Architecture—so intertwined is it with our daily lives that most of us rarely pause to think about it, except maybe when travelling (remember that?) or reconsidering our places of residence. Yet the built environment, from the lowly doorknob to such spectacular feats of engineering as the 1,200-foot glass pedestrian bridge spanning the Zhangjiajie Canyon in China’s Hunan Province, reflects and responds to our societies’ endeavours and concerns, thus becoming intimately entangled with questions not only of aesthetics or technology but also of ethics.
The Ethics of Architecture: The Book
Enough reason for Mark Kingwell, professor in the Department of Philosophy and a prolific commentator on both social conduct and theories of design (among other subjects), to set about writing—and recently publishing—a book titled The Ethics of Architecture (Oxford University Press, 2021). The slender volume of 176 pages takes the reader through six brief chapters—or “walks,” as Kingwell writes in his introduction, “perambulation[s] . . . with a purpose” (p. 11). They explore, in the broadest sense, “the professional obligations of architects” (p. 11), those considerations in building that take seriously the idea of a common good, of architecture (and ethics) as a collective undertaking. Chapters thus investigate concepts of increasing abstraction, from the creation of buildings, environments, and communities to that of art, justice, and, finally, a sense of “Being.”
Is this a book reserved for students of architecture, then, or design theorists? No. While architects and architects-in-the-making certainly rank among the desired audience for The Ethics of Architecture, its author also hopes to address serious scholars of ethics, as well as “people outside of those professional fields who are interested in the built environment,” people reflecting on how cities do, or don’t, work. Given that an ever-growing number of humans worldwide dwell in urban environments (56.2 percent of the global population in 2020, projected to increase to 68 percent by 2050), such reflections prove essential.

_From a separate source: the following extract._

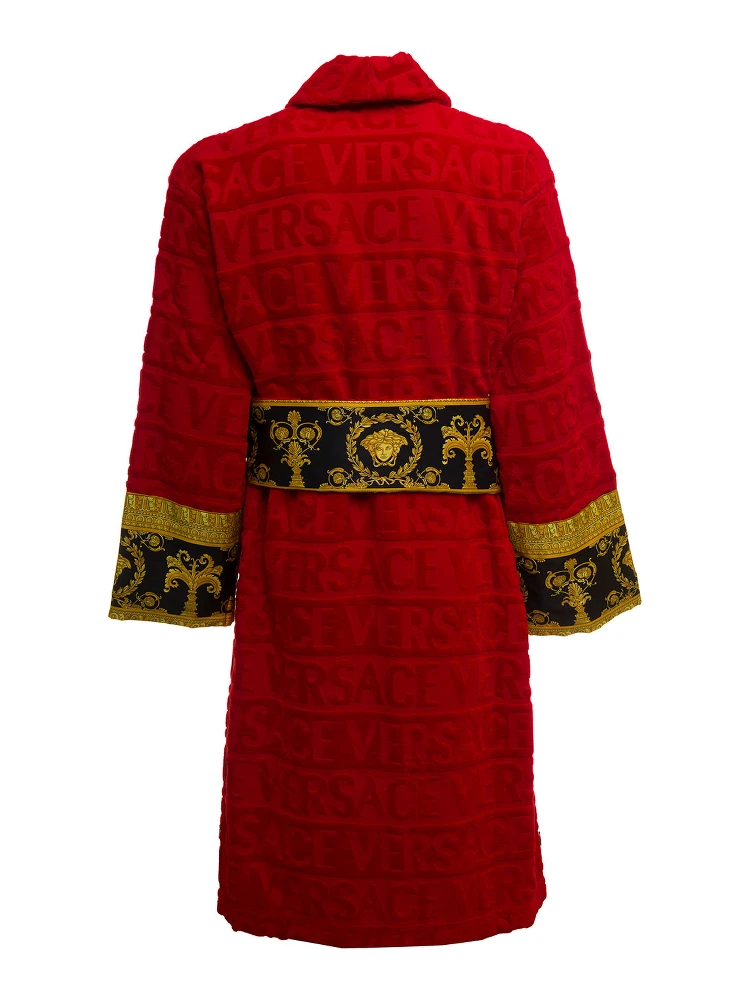 Versace Homes Red Terry Cotton Bathrobe with Baroque Detail alternative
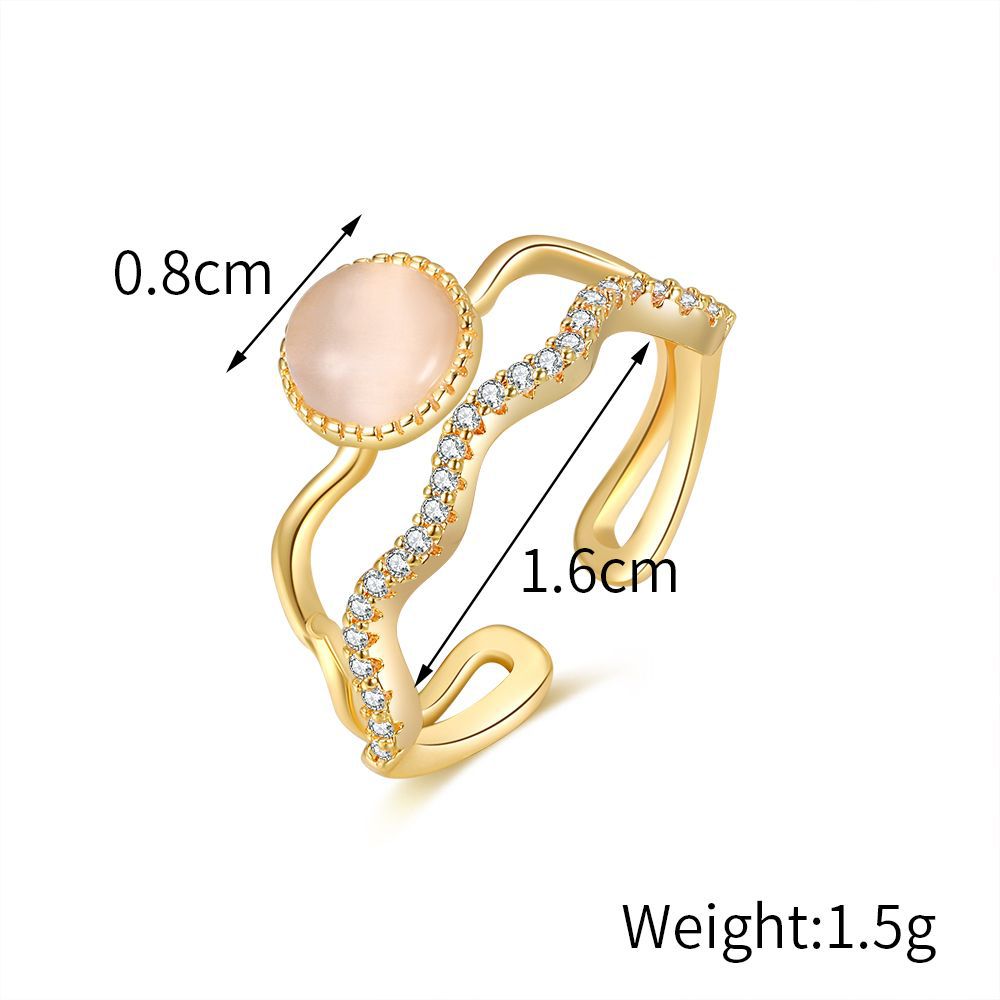 Damen eleganter und glamouröser Ring mit Halbedelstein und funkelnden Zirkoniasteinen Shop Nory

This may hold especially true at a time such as our present one, contorting as it is in the grip of a sweeping international health crisis. As Kingwell details in his elegant preface to the book, world-historical shifts and disasters have always shaped physical structures (which of course extend beyond cities), especially around questions of public health. “There is a long history of architectural innovation driven by human frailty,” Kingwell says in conversation; think only of “secure thresholds, paved roads, sanitary doorknobs, functional sewage systems, indoor plumbing and heating, vertical density, elevators”— the list goes on.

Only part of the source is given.